SEACON’S TRANSOCEANIC BASE

[BIZ: Duisburg, November 15]
Hai Berden, President and CEO of Seacon Logistics, accompanied by the Dutch Minister of Transport, Dr Karla Peijs and the North-Rhine Westphalian Minister of Finance, Dr Helmut Linssen, opened Seacon Logistics’ new operation in Duisburg’s old Imperial Harbor on November 7. Seacon’s service center covers 16,000m2 on a 33,000m2 site that has been built up in the Port of Duisburg over a period of 12 months, providing direct tri-modal facilities by road, rail, and water.

This is a high point in the development of Seacon Logistics. Operations have multiplied five-fold (buildings) at the trade port in Venlo; they have developed extensively in the South, with Antwerp access via PLC at the Barge Terminal at Born, and are now established firmly at Europe’s largest inland port in Duisburg.

Seacon has achieved revenues of EUR 60m in this its 20th anniversary year; and, with the completion of its location in Duisburg will be operating more than 120,000m2 of warehousing space. From Q1, 2006, rail cargo and trucks or barges from the Rhine and ports worldwide will be bringing goods to Duisburg for them - where the staff of 30 will add the value of logistical professionalism, be they cans of pineapple, children’s toys, or textiles.

EDEKA, a EUR 37bn annual revenue, German food wholesale and retail group - a product of the integration of Spa and Netto South with 11,000 outlets - will be Seacon’s major customer at the service center, using it for the import of canned food and non-food articles.

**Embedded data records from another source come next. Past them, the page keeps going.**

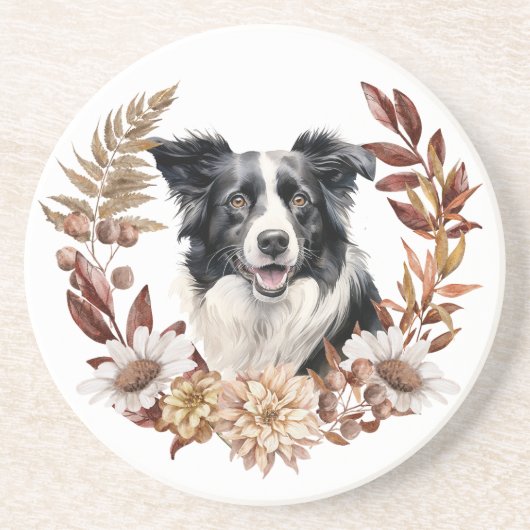 Zwart Wit Rand Collie Hond Herfst krans Zandsteen Onderzetter (Voorkant)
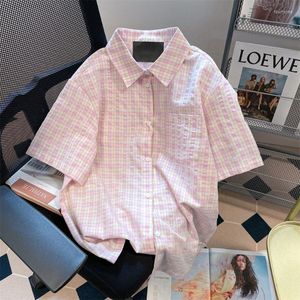 Dames Blouses EBAIHUI Dames Zomer Geruite Shirts Roze Geruite Japanse Vrijetijdskleding Blouse Single Breasted Girly Sweety Shirt met korte mouwen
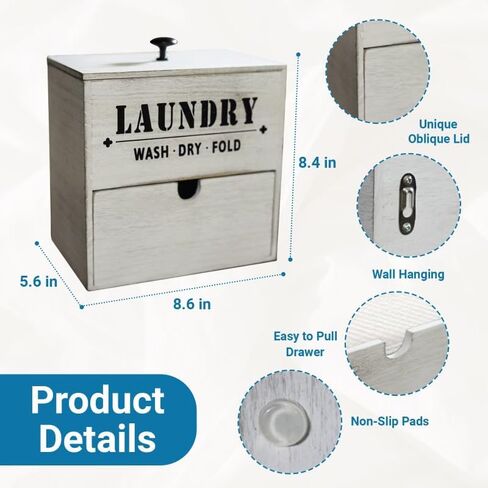 Laundry Pod Holder with Drawer for Dryer Sheets, Wall Mountable, Rustic Farmhouse Wood Color, Holds Up to 60 Pods and 300 Dryer Sheets (Farmhouse White) in Saudi Arabia
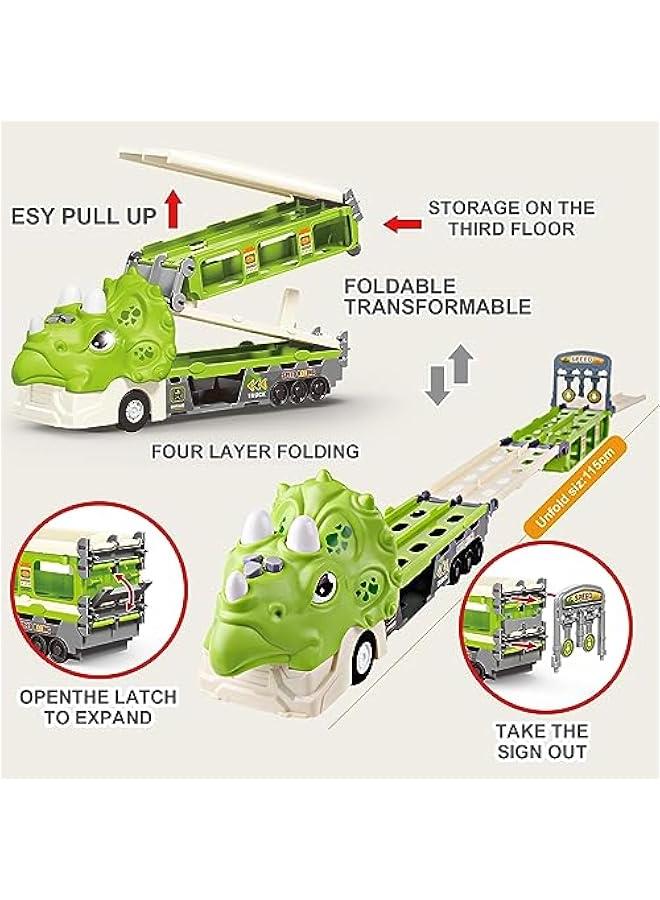 Dinosaur Hauler Truck with Ejection Race Track,1 Toy Triceratops Dinosaur Transport Carrier Truck with 6 Dinosaur Car Vehicles,Car Toys Playset with Lights Sounds,Kids Gifts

Technologically sophisticated and number one in the German retail food trade, EDEKA is setting new standards for procurement logistics within the group. “We are working very hard on the on-going optimization of our processes,” says Michael Mahlberg, head of the recently established procurement logistics sector at Hamburg’s EDEKA ZENTRALE, which was established for this purpose. “We are expecting seven-figure savings annually on this specific project.”

EDEKA will accordingly build its capacity step by step and bring additional suppliers to the Duisburg center. A further objective of EDEKA’s new procurement concept is the improved handling of national and international flows of goods via hubs in Germany from 2006. Centralized tri-modal logistics at five centers is already being linked into the Dutch hubs at Venlo and Born.

Seacon has 20 years of specialist experience in the organization and management of central warehouses and European distribution. The key is the construction of strategically located inland terminals, and the linking of these by reliable and rapid inter-modal connections to ports and the European hinterland.

“This is our move into the inter-continental business. Shippers from the United States, the Far East, and Turkey see Duisburg as an optimal tri-modal location for European markets,” said Seacon’s Germany Manager, Johan Geurts.

Seacon is going transoceanic readying the intercontinental supply chain for tomorrow and today’s emerging markets.